В 1907 году, после окончания трехгодичной городской школы, я, пятнадцатилетний паренек, гонимый желанием увидеть мир, без ведома родителей уехал из Братиславы в Германию, в Гамбург. Там я предложил свои услуги в торговом порту и был принят матросом на парусник, на котором совершил путешествие до Сент-Томаса{7} и обратно. После возвращения в Гамбург меня перевели на пассажирское судно «Корковеда»; на нем я ходил в восемнадцатимесячное плавание вокруг света. Жажда познания мира, жизни народов других [183] стран заставляла меня безропотно переносить подзатыльники, а порой и издевательства начальства. Но постепенно я начал понимать, что жить это значит уметь постоять за себя и за своих друзей.

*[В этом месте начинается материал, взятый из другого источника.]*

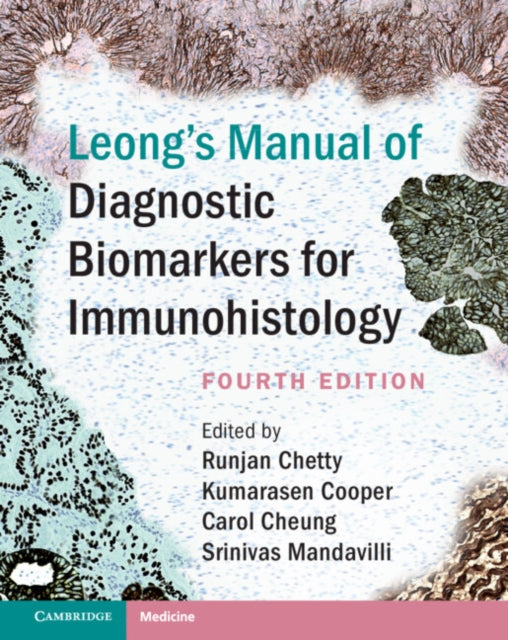 Book cover of: Leong's Manual of Diagnostic Biomarkers for Immunohistology. By: Runjan Chetty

Вернувшись из плавания в Гамбург уже «старым морским волком», я получил двухмесячный отпуск и решил провести его у своих родителей в Братиславе. Но дома я попал в довольно комичное положение. Мои родители меня не узнали и не хотели верить, что я их сын, так как получили известие, будто я погиб в результате несчастного случая на море. Только после того как я выдержал экзамен, который они устроили мне, родители признали меня. Радость встречи длилась не более недели: примерно через две недели я вернулся обратно в Гамбург, где провел остаток отпуска. Родители требовали от меня покончить с морской «бесшабашной» жизнью, но я с ними, вероятно по молодости лет, не согласился. Когда мой отпуск закончился и я снова должен был вернуться на судно, в Гамбурге вспыхнула большая забастовка моряков торгового флота и портовых рабочих. Это было в 1910 году. Забастовка длилась целый месяц. После ее окончания меня приняли на судно «Капитан Аргона». На этом судне я служил до 1912 года, а затем после увольнения поступил на работу в морскую больницу, где окончил школу фельдшеров. Правда, в школу фельдшеров я попал не потому, что очень хотел стать медицинским работником. Нет, в школу я пошел потому, что передо мной стоял выбор: или пойти учиться и работать санитаром, или же быть безработным. Следует заметить, что к этому времени тысячи моряков торгового флота ходили без работы.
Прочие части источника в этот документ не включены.